Problem to solve →
The data that follows should be copied out exactly.

BEGIN Listed entries

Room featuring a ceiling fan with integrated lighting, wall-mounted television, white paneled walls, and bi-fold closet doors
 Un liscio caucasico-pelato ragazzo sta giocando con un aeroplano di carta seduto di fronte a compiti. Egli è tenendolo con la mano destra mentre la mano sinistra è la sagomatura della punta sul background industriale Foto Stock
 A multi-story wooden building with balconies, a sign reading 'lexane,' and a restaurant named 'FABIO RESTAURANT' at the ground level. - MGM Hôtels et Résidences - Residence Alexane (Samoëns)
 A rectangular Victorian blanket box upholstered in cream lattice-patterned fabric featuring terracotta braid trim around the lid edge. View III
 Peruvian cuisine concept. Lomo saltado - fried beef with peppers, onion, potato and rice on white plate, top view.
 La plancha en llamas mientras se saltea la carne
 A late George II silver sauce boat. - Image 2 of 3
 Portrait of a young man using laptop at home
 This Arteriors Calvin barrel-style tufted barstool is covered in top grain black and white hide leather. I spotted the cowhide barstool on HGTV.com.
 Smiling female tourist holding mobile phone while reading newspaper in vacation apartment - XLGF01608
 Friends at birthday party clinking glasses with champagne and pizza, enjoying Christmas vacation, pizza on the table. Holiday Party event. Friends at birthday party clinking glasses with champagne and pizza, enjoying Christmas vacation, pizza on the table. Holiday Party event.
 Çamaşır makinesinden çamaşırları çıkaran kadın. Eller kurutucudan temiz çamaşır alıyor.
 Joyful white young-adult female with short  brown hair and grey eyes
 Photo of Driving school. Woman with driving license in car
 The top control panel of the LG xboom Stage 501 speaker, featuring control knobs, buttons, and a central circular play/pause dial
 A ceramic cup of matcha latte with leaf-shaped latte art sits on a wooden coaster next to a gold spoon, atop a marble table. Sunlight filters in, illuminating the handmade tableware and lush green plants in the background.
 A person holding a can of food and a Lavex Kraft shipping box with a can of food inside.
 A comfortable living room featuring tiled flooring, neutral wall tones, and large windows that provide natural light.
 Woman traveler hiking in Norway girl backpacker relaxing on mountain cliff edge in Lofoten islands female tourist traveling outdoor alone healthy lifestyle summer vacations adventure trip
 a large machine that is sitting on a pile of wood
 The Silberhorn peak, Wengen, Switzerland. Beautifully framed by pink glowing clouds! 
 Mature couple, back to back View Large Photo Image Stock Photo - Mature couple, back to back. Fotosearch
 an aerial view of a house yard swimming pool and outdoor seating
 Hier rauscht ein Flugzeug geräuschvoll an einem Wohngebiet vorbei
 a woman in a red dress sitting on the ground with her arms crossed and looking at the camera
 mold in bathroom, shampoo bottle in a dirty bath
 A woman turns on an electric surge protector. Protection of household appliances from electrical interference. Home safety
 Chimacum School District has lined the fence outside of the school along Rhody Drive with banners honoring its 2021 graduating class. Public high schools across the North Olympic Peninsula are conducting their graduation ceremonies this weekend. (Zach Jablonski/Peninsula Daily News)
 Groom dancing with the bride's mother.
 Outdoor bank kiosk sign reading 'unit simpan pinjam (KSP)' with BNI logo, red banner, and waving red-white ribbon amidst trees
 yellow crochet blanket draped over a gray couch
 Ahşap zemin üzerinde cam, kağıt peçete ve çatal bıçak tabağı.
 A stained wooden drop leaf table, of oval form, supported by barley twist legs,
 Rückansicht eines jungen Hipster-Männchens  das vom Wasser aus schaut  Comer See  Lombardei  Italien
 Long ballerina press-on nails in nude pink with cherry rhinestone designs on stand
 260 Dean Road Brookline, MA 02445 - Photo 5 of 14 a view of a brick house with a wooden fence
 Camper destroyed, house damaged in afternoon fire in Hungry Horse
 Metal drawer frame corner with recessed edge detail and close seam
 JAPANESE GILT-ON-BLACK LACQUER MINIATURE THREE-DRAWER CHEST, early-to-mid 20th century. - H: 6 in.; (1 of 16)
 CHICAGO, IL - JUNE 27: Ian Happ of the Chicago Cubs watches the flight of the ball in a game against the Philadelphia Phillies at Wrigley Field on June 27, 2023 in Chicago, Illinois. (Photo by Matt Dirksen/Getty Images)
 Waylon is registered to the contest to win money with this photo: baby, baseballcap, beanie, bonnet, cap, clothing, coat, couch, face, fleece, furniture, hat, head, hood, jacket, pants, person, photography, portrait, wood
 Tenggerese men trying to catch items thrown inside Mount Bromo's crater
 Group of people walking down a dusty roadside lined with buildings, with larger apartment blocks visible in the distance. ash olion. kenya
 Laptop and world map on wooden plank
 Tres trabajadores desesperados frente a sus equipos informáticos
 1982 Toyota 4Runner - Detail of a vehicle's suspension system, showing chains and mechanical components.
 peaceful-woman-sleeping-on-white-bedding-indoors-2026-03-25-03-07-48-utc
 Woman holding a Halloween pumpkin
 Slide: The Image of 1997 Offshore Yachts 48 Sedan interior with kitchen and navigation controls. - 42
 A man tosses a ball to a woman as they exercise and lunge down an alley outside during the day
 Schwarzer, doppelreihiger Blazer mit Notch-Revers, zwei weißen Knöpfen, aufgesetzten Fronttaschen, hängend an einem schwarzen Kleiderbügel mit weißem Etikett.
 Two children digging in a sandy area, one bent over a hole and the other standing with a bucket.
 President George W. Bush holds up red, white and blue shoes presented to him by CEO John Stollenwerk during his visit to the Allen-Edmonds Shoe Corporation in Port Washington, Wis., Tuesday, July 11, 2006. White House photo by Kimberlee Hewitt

END Listed entries

Solution to this exercise →
Room featuring a ceiling fan with integrated lighting, wall-mounted television, white paneled walls, and bi-fold closet doors
 Un liscio caucasico-pelato ragazzo sta giocando con un aeroplano di carta seduto di fronte a compiti. Egli è tenendolo con la mano destra mentre la mano sinistra è la sagomatura della punta sul background industriale Foto Stock
 A multi-story wooden building with balconies, a sign reading 'lexane,' and a restaurant named 'FABIO RESTAURANT' at the ground level. - MGM Hôtels et Résidences - Residence Alexane (Samoëns)
 A rectangular Victorian blanket box upholstered in cream lattice-patterned fabric featuring terracotta braid trim around the lid edge. View III
 Peruvian cuisine concept. Lomo saltado - fried beef with peppers, onion, potato and rice on white plate, top view.
 La plancha en llamas mientras se saltea la carne
 A late George II silver sauce boat. - Image 2 of 3
 Portrait of a young man using laptop at home
 This Arteriors Calvin barrel-style tufted barstool is covered in top grain black and white hide leather. I spotted the cowhide barstool on HGTV.com.
 Smiling female tourist holding mobile phone while reading newspaper in vacation apartment - XLGF01608
 Friends at birthday party clinking glasses with champagne and pizza, enjoying Christmas vacation, pizza on the table. Holiday Party event. Friends at birthday party clinking glasses with champagne and pizza, enjoying Christmas vacation, pizza on the table. Holiday Party event.
 Çamaşır makinesinden çamaşırları çıkaran kadın. Eller kurutucudan temiz çamaşır alıyor.
 Joyful white young-adult female with short  brown hair and grey eyes
 Photo of Driving school. Woman with driving license in car
 The top control panel of the LG xboom Stage 501 speaker, featuring control knobs, buttons, and a central circular play/pause dial
 A ceramic cup of matcha latte with leaf-shaped latte art sits on a wooden coaster next to a gold spoon, atop a marble table. Sunlight filters in, illuminating the handmade tableware and lush green plants in the background.
 A person holding a can of food and a Lavex Kraft shipping box with a can of food inside.
 A comfortable living room featuring tiled flooring, neutral wall tones, and large windows that provide natural light.
 Woman traveler hiking in Norway girl backpacker relaxing on mountain cliff edge in Lofoten islands female tourist traveling outdoor alone healthy lifestyle summer vacations adventure trip
 a large machine that is sitting on a pile of wood
 The Silberhorn peak, Wengen, Switzerland. Beautifully framed by pink glowing clouds! 
 Mature couple, back to back View Large Photo Image Stock Photo - Mature couple, back to back. Fotosearch
 an aerial view of a house yard swimming pool and outdoor seating
 Hier rauscht ein Flugzeug geräuschvoll an einem Wohngebiet vorbei
 a woman in a red dress sitting on the ground with her arms crossed and looking at the camera
 mold in bathroom, shampoo bottle in a dirty bath
 A woman turns on an electric surge protector. Protection of household appliances from electrical interference. Home safety
 Chimacum School District has lined the fence outside of the school along Rhody Drive with banners honoring its 2021 graduating class. Public high schools across the North Olympic Peninsula are conducting their graduation ceremonies this weekend. (Zach Jablonski/Peninsula Daily News)
 Groom dancing with the bride's mother.
 Outdoor bank kiosk sign reading 'unit simpan pinjam (KSP)' with BNI logo, red banner, and waving red-white ribbon amidst trees
 yellow crochet blanket draped over a gray couch
 Ahşap zemin üzerinde cam, kağıt peçete ve çatal bıçak tabağı.
 A stained wooden drop leaf table, of oval form, supported by barley twist legs,
 Rückansicht eines jungen Hipster-Männchens  das vom Wasser aus schaut  Comer See  Lombardei  Italien
 Long ballerina press-on nails in nude pink with cherry rhinestone designs on stand
 260 Dean Road Brookline, MA 02445 - Photo 5 of 14 a view of a brick house with a wooden fence
 Camper destroyed, house damaged in afternoon fire in Hungry Horse
 Metal drawer frame corner with recessed edge detail and close seam
 JAPANESE GILT-ON-BLACK LACQUER MINIATURE THREE-DRAWER CHEST, early-to-mid 20th century. - H: 6 in.; (1 of 16)
 CHICAGO, IL - JUNE 27: Ian Happ of the Chicago Cubs watches the flight of the ball in a game against the Philadelphia Phillies at Wrigley Field on June 27, 2023 in Chicago, Illinois. (Photo by Matt Dirksen/Getty Images)
 Waylon is registered to the contest to win money with this photo: baby, baseballcap, beanie, bonnet, cap, clothing, coat, couch, face, fleece, furniture, hat, head, hood, jacket, pants, person, photography, portrait, wood
 Tenggerese men trying to catch items thrown inside Mount Bromo's crater
 Group of people walking down a dusty roadside lined with buildings, with larger apartment blocks visible in the distance. ash olion. kenya
 Laptop and world map on wooden plank
 Tres trabajadores desesperados frente a sus equipos informáticos
 1982 Toyota 4Runner - Detail of a vehicle's suspension system, showing chains and mechanical components.
 peaceful-woman-sleeping-on-white-bedding-indoors-2026-03-25-03-07-48-utc
 Woman holding a Halloween pumpkin
 Slide: The Image of 1997 Offshore Yachts 48 Sedan interior with kitchen and navigation controls. - 42
 A man tosses a ball to a woman as they exercise and lunge down an alley outside during the day
 Schwarzer, doppelreihiger Blazer mit Notch-Revers, zwei weißen Knöpfen, aufgesetzten Fronttaschen, hängend an einem schwarzen Kleiderbügel mit weißem Etikett.
 Two children digging in a sandy area, one bent over a hole and the other standing with a bucket.
 President George W. Bush holds up red, white and blue shoes presented to him by CEO John Stollenwerk during his visit to the Allen-Edmonds Shoe Corporation in Port Washington, Wis., Tuesday, July 11, 2006. White House photo by Kimberlee Hewitt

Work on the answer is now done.